■ EXERCISE ■
Output, exactly as written, the lines below starting at the line containing "Photo showing six" and ending at the line containing "African American Basketball". Drop the pictures and keep both end lines.

■ EXERCISE INPUT ■

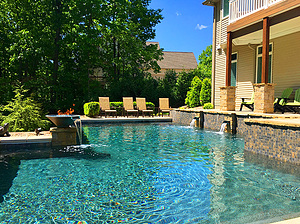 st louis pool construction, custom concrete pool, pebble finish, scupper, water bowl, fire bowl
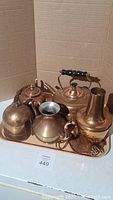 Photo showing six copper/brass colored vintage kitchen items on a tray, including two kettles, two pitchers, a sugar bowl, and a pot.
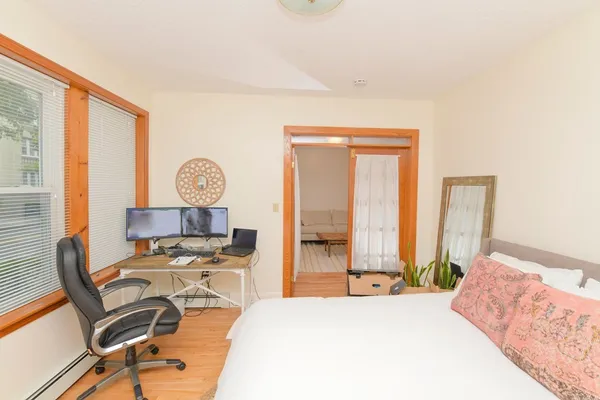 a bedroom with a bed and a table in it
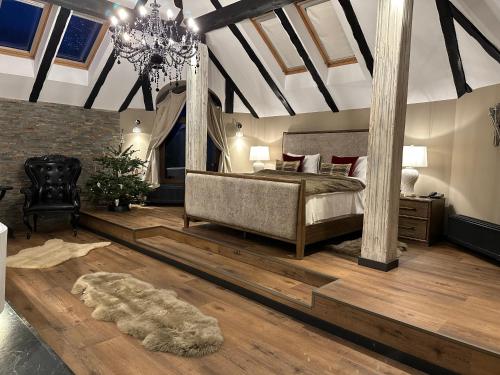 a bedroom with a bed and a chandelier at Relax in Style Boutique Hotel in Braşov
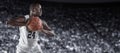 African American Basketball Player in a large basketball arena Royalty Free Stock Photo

--

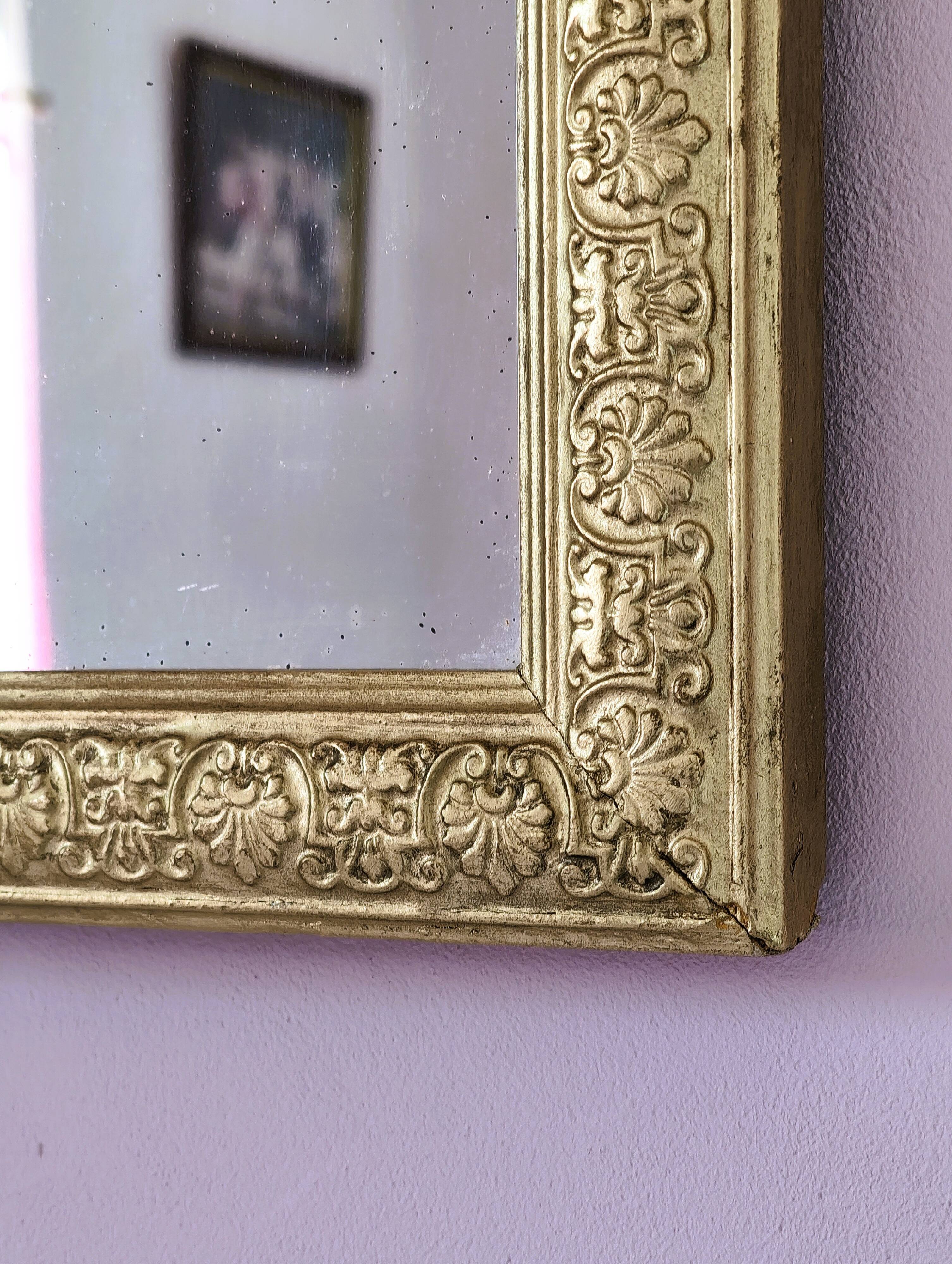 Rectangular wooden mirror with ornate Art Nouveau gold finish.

■ FINISHED EXERCISE ■
 Photo showing six copper/brass colored vintage kitchen items on a tray, including two kettles, two pitchers, a sugar bowl, and a pot.
 a bedroom with a bed and a table in it
 a bedroom with a bed and a chandelier at Relax in Style Boutique Hotel in Braşov
 African American Basketball Player in a large basketball arena Royalty Free Stock Photo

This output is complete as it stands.